Trump’s speech remained faithful, for example, to his dislike for both immigrants and trade. He did offer some concessions on the children of existing illegal migrants, but continued to demand his Mexican wall, an end to the visa lottery system and restrictions on family chain visas. Mr Trump did call for more merit-based visas – something that would benefit educated Indian migrants. But his tenor remained hostile and his connection of immigrants to crime and terror were specious. He also repeated suspect claims about the effects of trade on the US and claimed, without evidence, that he was successfully renegotiating a number of existing trade agreements.
Mr Trump was on solid ground with his claims that the US economy was booming. Unemployment levels have indeed fallen, growth is up and corporate earnings are rising. Much of this had little to do with Mr Trump. The US economy was recovering before he was elected. It can at best be said the president did not get in the way of such growth.

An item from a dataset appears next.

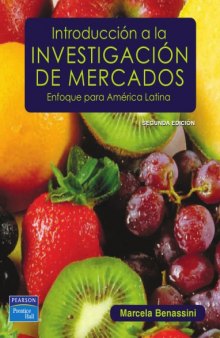 Introducción a la investigación de mercados: enfoque para América Latina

Nonetheless, it is the prerogative of politicians to take credit for any positive trend that happens while they are in office.
However, Mr Trump’s speech indicated he will do nothing to address the long-term structural issues that bedevil US society. While lowering corporate taxes made economic sense, the administration’s tax reductions for even the wealthiest of Americans will only aggravate inequalities that have been spilling over into class and racial tensions. The poor education, drug addiction and health care issues that affect the US working class received only a passing mention in the speech – and are receiving even less attention in Mr Trump’s actual policy actions. Ironically, these afflictions are most evident among the angry white voters who brought Mr Trump to power.
The State of the Union is thought to be a reflection of the President’s domestic agenda. Mr Trump continues to adhere to a vision of his country marked by the closing of doors and the preservation of privilege.